WASHINGTON -The Obama administration plans to complete its overhaul of U.S. policy on Afghanistan and Pakistan by April, in advance of a critical NATO summit, the White House said yesterday. But even before the reassessment is complete, President Barack Obama is likely to decide on the details of a U.S. troop increase in Afghanistan, Defense Secretary Robert M. Gates said.

"The president will have several options in front of him, and I think he will make those decisions probably in the course of the next few days," Gates said.

Stepping up its efforts in the region, the administration announced that Bruce O. Riedel, a former CIA official and harsh critic of former President George W. Bush's handling of Afghanistan, will chair a White House review.

Now a scholar at the Brookings Institution, Riedel will report to Obama and James L. Jones, the national security adviser. The White House review is one of several in the administration. Riedel's task is to bring together the various strategy proposals.

Riedel accused Bush last month of a "half-hearted effort" in Afghanistan. He supports plans to send additional troops, warning that both Afghanistan and neighboring Pakistan are in a perilous state.

He also has urged stepped-up road construction and economic development. Gates has urged more modest U.S. goals in Afghanistan.
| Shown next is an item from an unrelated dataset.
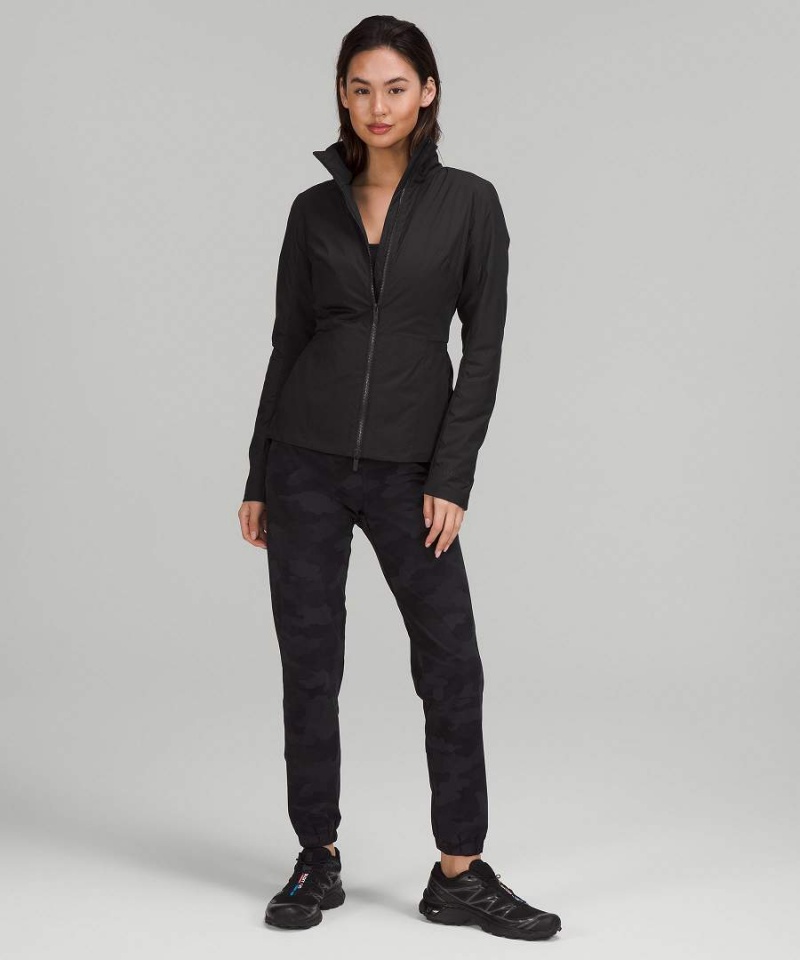 Chaquetas Aislantes Lululemon SoftMatte™ Insulated Mid-Length Mujer Negras Chile | 310PBQKAZ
Riedel will lead the review along with Ambassador Richard C. Holbrooke, the special representative to Afghanistan and Pakistan, and Michelle Flournoy, undersecretary of defense for policy. Officials said it must be finished by April, when Obama attends a NATO summit in Europe commemorating the 60th anniversary of the alliance.

Obama offered a hint of his likely policy at his news conference Monday, saying a key goal would be eliminating havens in Afghanistan and Pakistan in which the Taliban and other extremist groups operate.

U.S. commanders have said they could send 30,000 more troops to Afghanistan this year, nearly doubling the American contingent. Gates has said two brigades could be ready to go by spring and a third ready by summer.